(Beginning of The input)
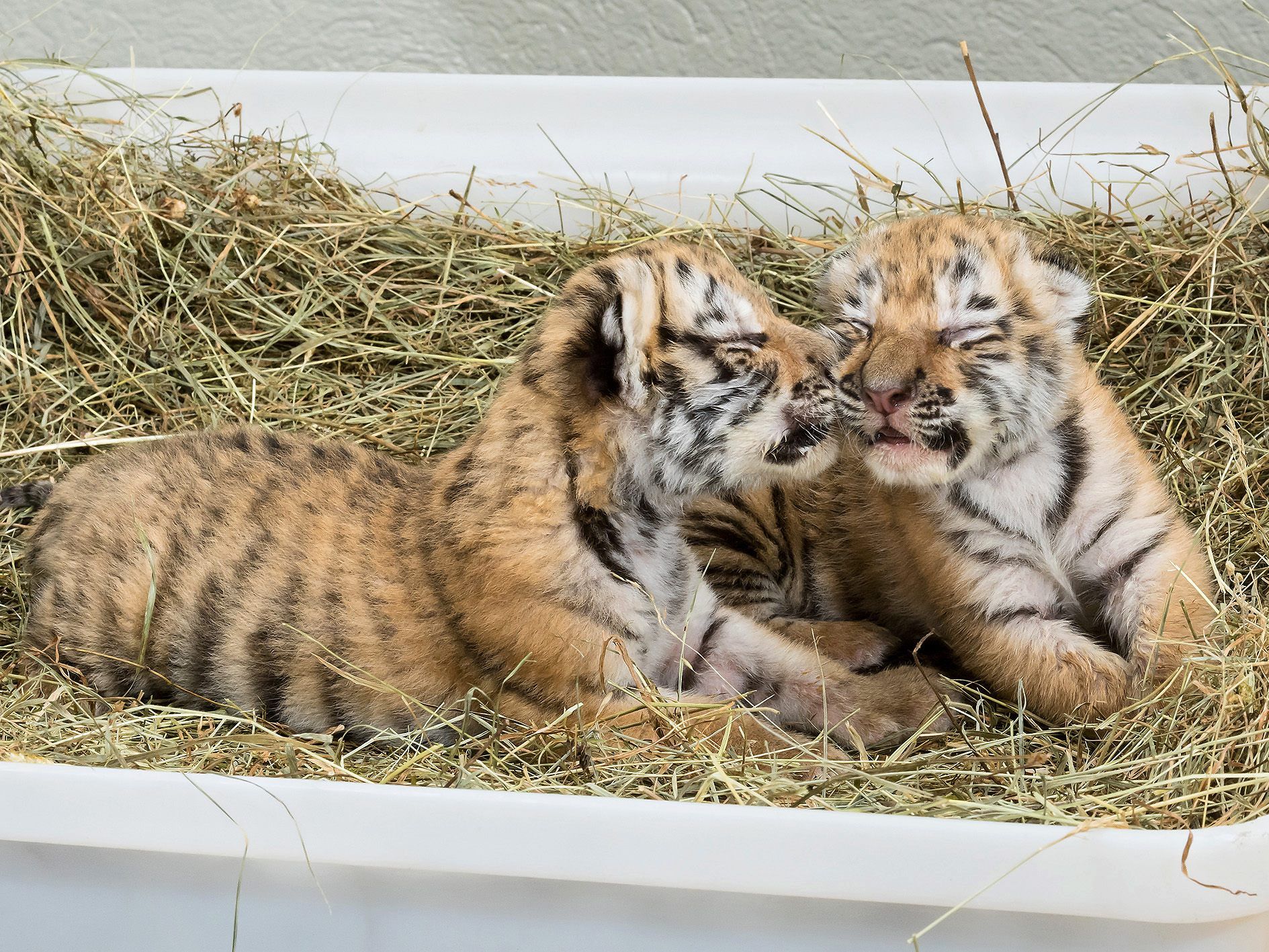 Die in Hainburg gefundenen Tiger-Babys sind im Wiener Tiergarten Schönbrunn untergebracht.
(End of The input)
(Beginning of The input)
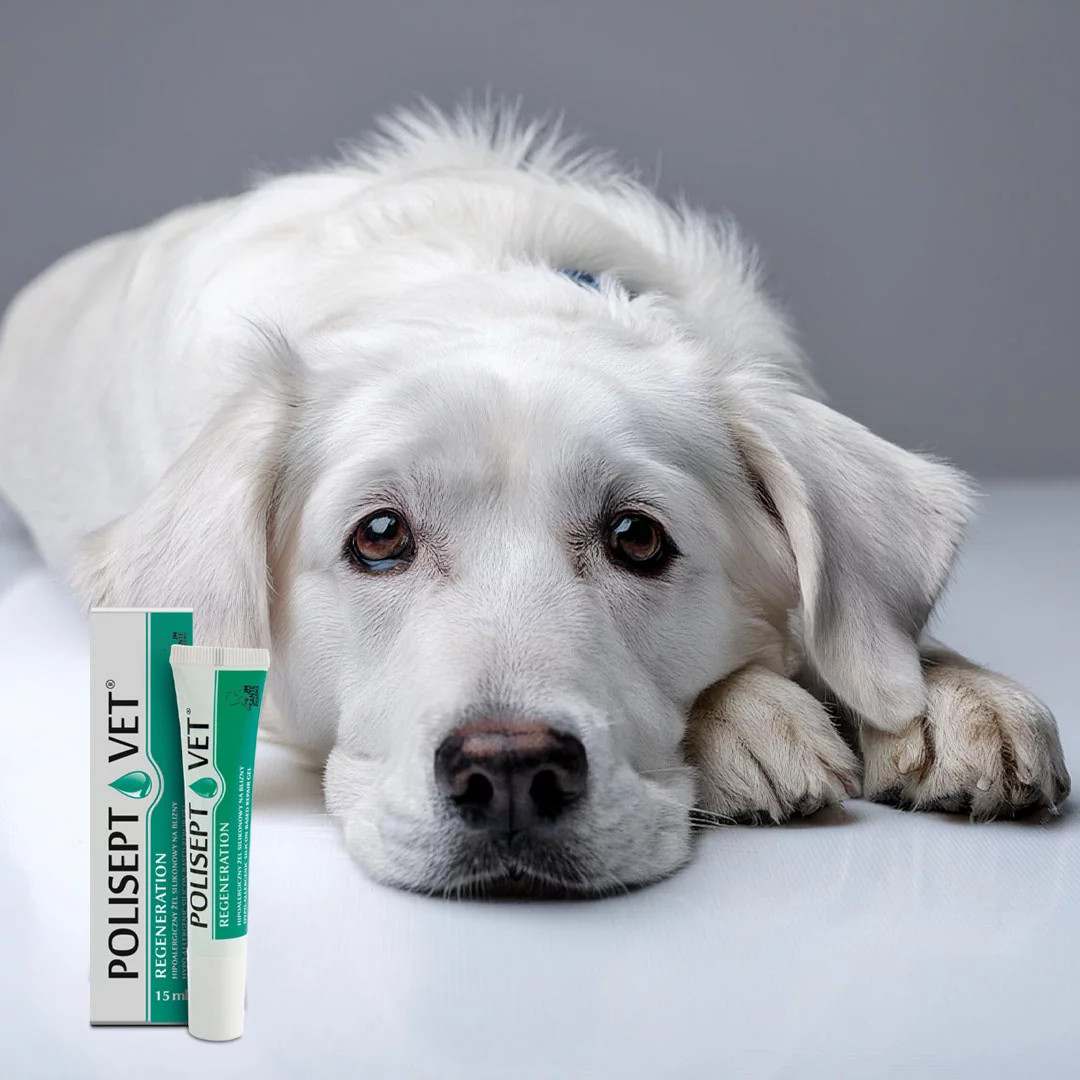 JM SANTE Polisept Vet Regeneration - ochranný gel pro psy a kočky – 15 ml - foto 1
(End of The input)
(Beginning of The input)
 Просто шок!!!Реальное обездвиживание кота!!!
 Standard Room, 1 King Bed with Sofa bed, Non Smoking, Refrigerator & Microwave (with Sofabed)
(End of The input)
Set down exactly the lines of the data above, beginning with the line that has "Просто шок!!!Реальное обездвиживание кота!!!" and ending with the line that has "Standard Room, 1", and no others.

- [Solution to this exercise]
 Просто шок!!!Реальное обездвиживание кота!!!
 Standard Room, 1 King Bed with Sofa bed, Non Smoking, Refrigerator & Microwave (with Sofabed)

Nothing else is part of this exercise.